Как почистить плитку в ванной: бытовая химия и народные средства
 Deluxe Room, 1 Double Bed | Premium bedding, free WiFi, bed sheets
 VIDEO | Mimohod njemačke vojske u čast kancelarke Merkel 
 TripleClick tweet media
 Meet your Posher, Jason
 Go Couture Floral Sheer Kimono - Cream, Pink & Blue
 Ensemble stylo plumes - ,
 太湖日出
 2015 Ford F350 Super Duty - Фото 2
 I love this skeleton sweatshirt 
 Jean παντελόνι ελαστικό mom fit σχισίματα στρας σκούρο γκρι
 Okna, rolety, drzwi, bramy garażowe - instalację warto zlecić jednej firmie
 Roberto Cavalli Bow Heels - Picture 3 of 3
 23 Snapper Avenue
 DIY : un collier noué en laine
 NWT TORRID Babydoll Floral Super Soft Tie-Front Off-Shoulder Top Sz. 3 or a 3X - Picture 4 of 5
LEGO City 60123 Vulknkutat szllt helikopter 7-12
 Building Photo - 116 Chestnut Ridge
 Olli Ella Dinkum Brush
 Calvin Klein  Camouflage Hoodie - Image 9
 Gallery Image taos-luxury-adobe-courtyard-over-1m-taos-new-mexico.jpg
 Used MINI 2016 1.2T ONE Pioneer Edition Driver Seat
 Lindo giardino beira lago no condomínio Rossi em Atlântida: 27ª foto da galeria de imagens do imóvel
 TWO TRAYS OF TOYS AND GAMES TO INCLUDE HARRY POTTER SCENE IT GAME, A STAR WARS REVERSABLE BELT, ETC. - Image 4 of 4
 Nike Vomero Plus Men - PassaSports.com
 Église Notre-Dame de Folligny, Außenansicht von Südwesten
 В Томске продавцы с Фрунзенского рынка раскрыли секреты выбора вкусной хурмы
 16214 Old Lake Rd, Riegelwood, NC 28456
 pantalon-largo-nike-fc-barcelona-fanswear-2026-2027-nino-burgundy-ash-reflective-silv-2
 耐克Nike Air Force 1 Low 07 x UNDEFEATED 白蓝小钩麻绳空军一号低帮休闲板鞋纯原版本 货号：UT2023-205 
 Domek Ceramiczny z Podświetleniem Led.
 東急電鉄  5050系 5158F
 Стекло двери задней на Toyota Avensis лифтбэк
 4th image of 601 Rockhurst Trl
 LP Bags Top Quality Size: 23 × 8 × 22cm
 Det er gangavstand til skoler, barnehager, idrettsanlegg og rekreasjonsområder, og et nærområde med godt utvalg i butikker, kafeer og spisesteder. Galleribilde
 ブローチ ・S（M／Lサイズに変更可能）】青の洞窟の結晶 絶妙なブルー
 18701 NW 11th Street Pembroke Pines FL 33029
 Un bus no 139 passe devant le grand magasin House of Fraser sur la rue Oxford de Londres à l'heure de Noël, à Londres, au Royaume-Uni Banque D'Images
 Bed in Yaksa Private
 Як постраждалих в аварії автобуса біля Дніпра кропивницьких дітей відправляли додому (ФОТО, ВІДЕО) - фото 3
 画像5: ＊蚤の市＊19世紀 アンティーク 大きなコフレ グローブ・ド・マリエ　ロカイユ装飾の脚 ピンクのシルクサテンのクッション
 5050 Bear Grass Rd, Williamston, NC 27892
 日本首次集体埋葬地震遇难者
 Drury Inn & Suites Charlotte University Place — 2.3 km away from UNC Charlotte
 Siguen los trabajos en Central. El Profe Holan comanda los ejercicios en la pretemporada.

________

(YOUR INSTRUCTIONS)
Copy out the whole listing above, leaving each line exactly as it stands.

(ANSWER AREA)
Как почистить плитку в ванной: бытовая химия и народные средства
 Deluxe Room, 1 Double Bed | Premium bedding, free WiFi, bed sheets
 VIDEO | Mimohod njemačke vojske u čast kancelarke Merkel 
 TripleClick tweet media
 Meet your Posher, Jason
 Go Couture Floral Sheer Kimono - Cream, Pink & Blue
 Ensemble stylo plumes - ,
 太湖日出
 2015 Ford F350 Super Duty - Фото 2
 I love this skeleton sweatshirt 
 Jean παντελόνι ελαστικό mom fit σχισίματα στρας σκούρο γκρι
 Okna, rolety, drzwi, bramy garażowe - instalację warto zlecić jednej firmie
 Roberto Cavalli Bow Heels - Picture 3 of 3
 23 Snapper Avenue
 DIY : un collier noué en laine
 NWT TORRID Babydoll Floral Super Soft Tie-Front Off-Shoulder Top Sz. 3 or a 3X - Picture 4 of 5
LEGO City 60123 Vulknkutat szllt helikopter 7-12
 Building Photo - 116 Chestnut Ridge
 Olli Ella Dinkum Brush
 Calvin Klein  Camouflage Hoodie - Image 9
 Gallery Image taos-luxury-adobe-courtyard-over-1m-taos-new-mexico.jpg
 Used MINI 2016 1.2T ONE Pioneer Edition Driver Seat
 Lindo giardino beira lago no condomínio Rossi em Atlântida: 27ª foto da galeria de imagens do imóvel
 TWO TRAYS OF TOYS AND GAMES TO INCLUDE HARRY POTTER SCENE IT GAME, A STAR WARS REVERSABLE BELT, ETC. - Image 4 of 4
 Nike Vomero Plus Men - PassaSports.com
 Église Notre-Dame de Folligny, Außenansicht von Südwesten
 В Томске продавцы с Фрунзенского рынка раскрыли секреты выбора вкусной хурмы
 16214 Old Lake Rd, Riegelwood, NC 28456
 pantalon-largo-nike-fc-barcelona-fanswear-2026-2027-nino-burgundy-ash-reflective-silv-2
 耐克Nike Air Force 1 Low 07 x UNDEFEATED 白蓝小钩麻绳空军一号低帮休闲板鞋纯原版本 货号：UT2023-205 
 Domek Ceramiczny z Podświetleniem Led.
 東急電鉄  5050系 5158F
 Стекло двери задней на Toyota Avensis лифтбэк
 4th image of 601 Rockhurst Trl
 LP Bags Top Quality Size: 23 × 8 × 22cm
 Det er gangavstand til skoler, barnehager, idrettsanlegg og rekreasjonsområder, og et nærområde med godt utvalg i butikker, kafeer og spisesteder. Galleribilde
 ブローチ ・S（M／Lサイズに変更可能）】青の洞窟の結晶 絶妙なブルー
 18701 NW 11th Street Pembroke Pines FL 33029
 Un bus no 139 passe devant le grand magasin House of Fraser sur la rue Oxford de Londres à l'heure de Noël, à Londres, au Royaume-Uni Banque D'Images
 Bed in Yaksa Private
 Як постраждалих в аварії автобуса біля Дніпра кропивницьких дітей відправляли додому (ФОТО, ВІДЕО) - фото 3
 画像5: ＊蚤の市＊19世紀 アンティーク 大きなコフレ グローブ・ド・マリエ　ロカイユ装飾の脚 ピンクのシルクサテンのクッション
 5050 Bear Grass Rd, Williamston, NC 27892
 日本首次集体埋葬地震遇难者
 Drury Inn & Suites Charlotte University Place — 2.3 km away from UNC Charlotte
 Siguen los trabajos en Central. El Profe Holan comanda los ejercicios en la pretemporada.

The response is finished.